AVAILABLE RECORDS: Begin

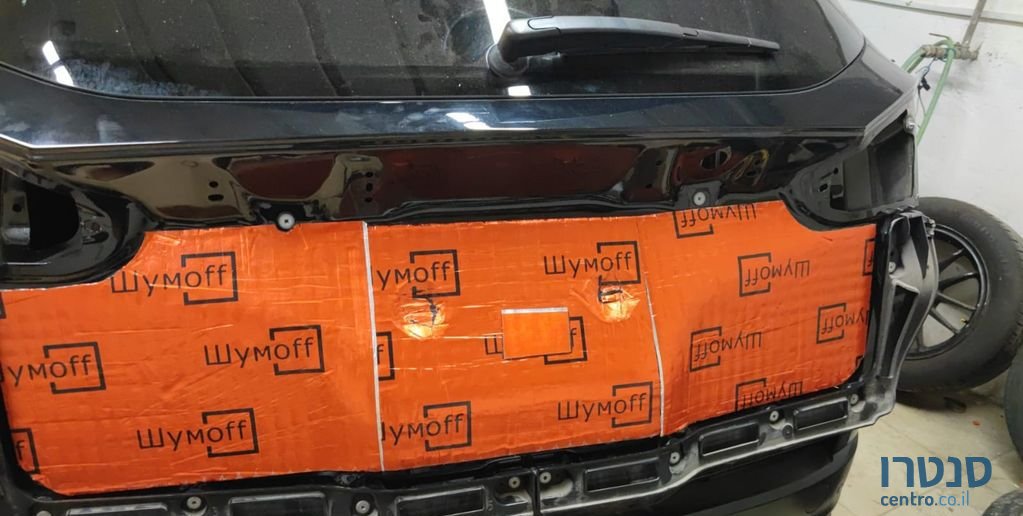 2014' Ford Focus פורד פוקוס photo #2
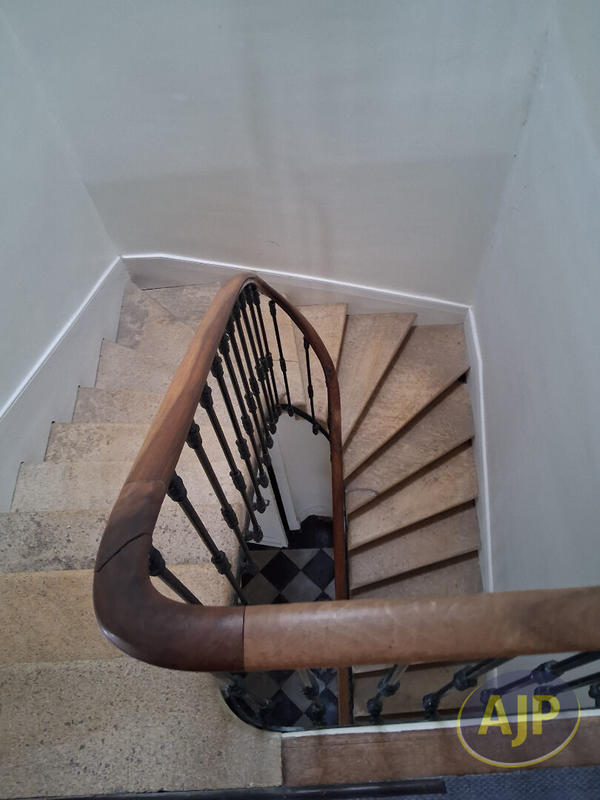 Maison de maîtres - 266 m² - 5 pièces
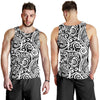 Polynesian Traditional Tribal Men Tank Top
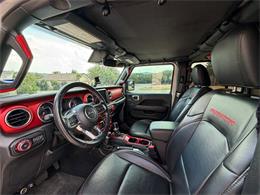2020 Jeep Wrangler (CC-2103419) for sale in Georgetown, Texas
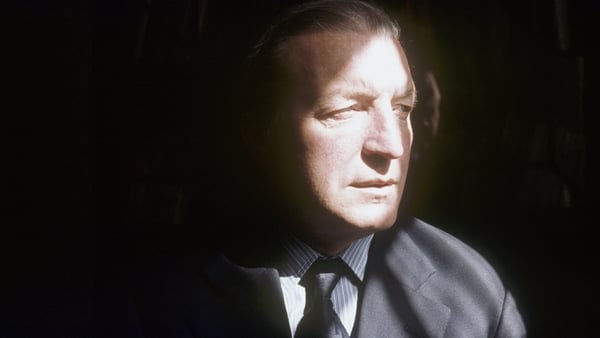 GunPlot - RTÉ revisits the Irish arms crisis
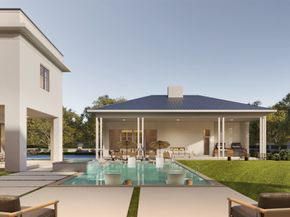 4 West Lane, Houston TX 77019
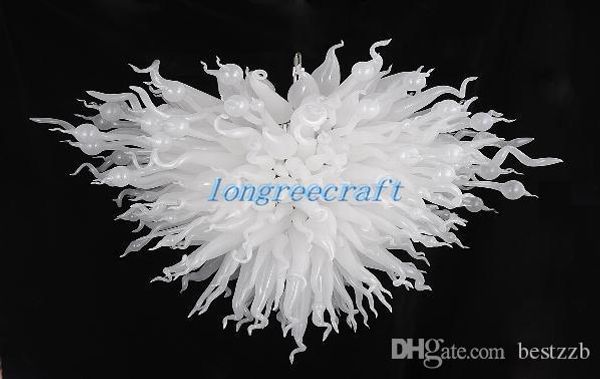 mouth blown 110v/120v led bulbs large sweet chinese flower shape white crystal chandelier
mouth blown 110v/120v led bulbs large sweet chinese flower shape white crystal chandelier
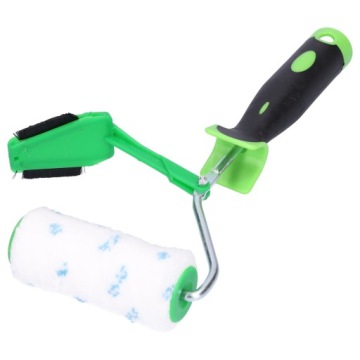 ВАЛИК ДЛЯ ОТРЕЗКИ ПОКРАСКИ ОТРЕЗОВ 10 СМ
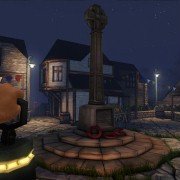 ETHER One - galeria zdjęć - filmweb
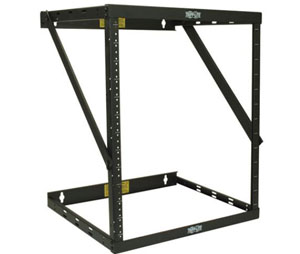Tripp Lite TRL-SRWO12UHD Wall-Mount Open Frame Rack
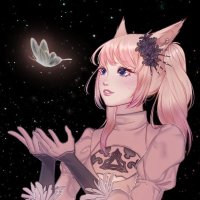 almaretto ⭐ (@almaloveffxiv) 's Twitter Profile Photo almaretto ⭐ (@almaloveffxiv) 's Twitter Profile Photo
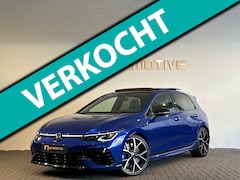 Volkswagen Golf - 2.0 TSI R 4Motion Performance Pano|Drift|H/K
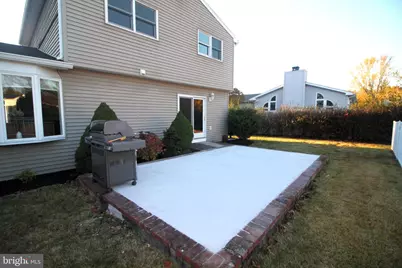 18 Wolfpack Road, Hamilton Township, NJ 08619 - Photo 28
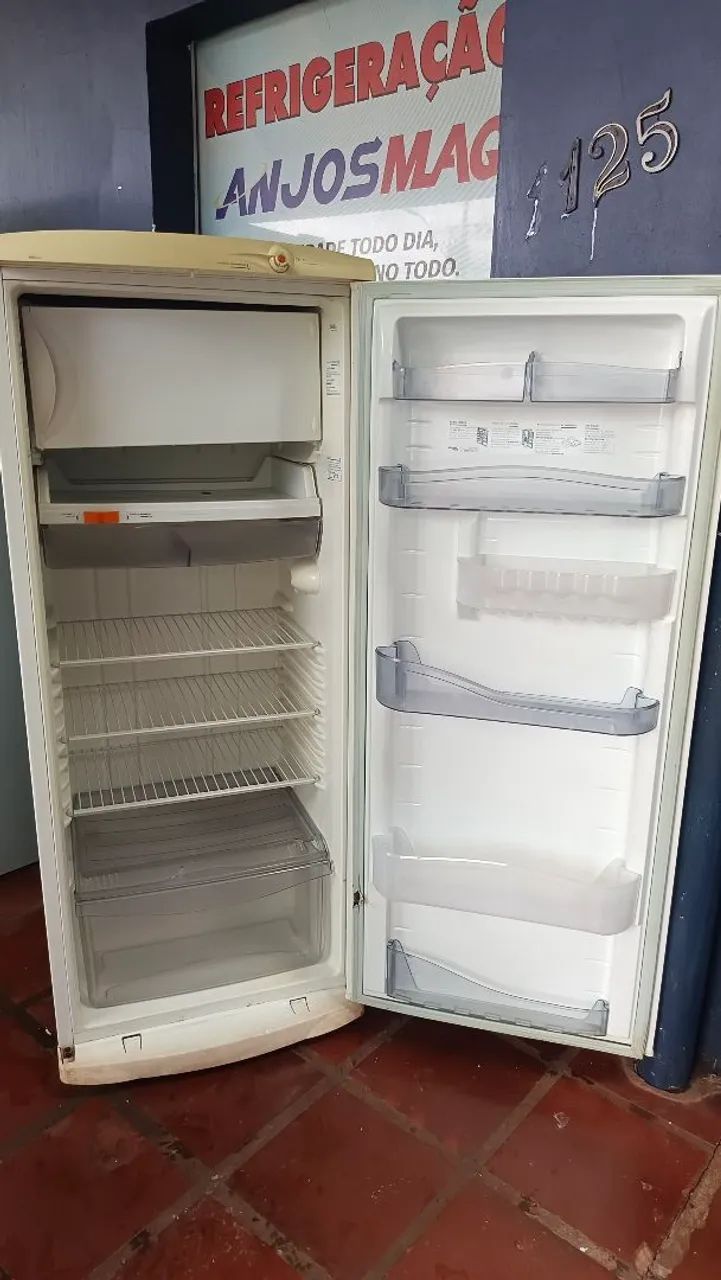 Geladeira - Foto 2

AVAILABLE RECORDS: End

● **EXERCISE DETAILS**
In the copy, include exactly the lines from the one with "Tripp Lite TRL-SRWO12UHD" through the final line of the entries above, both ends counted, and no pictures.

● **WRITTEN SOLUTION**
Tripp Lite TRL-SRWO12UHD Wall-Mount Open Frame Rack
 almaretto ⭐ (@almaloveffxiv) 's Twitter Profile Photo almaretto ⭐ (@almaloveffxiv) 's Twitter Profile Photo
 Volkswagen Golf - 2.0 TSI R 4Motion Performance Pano|Drift|H/K
 18 Wolfpack Road, Hamilton Township, NJ 08619 - Photo 28
 Geladeira - Foto 2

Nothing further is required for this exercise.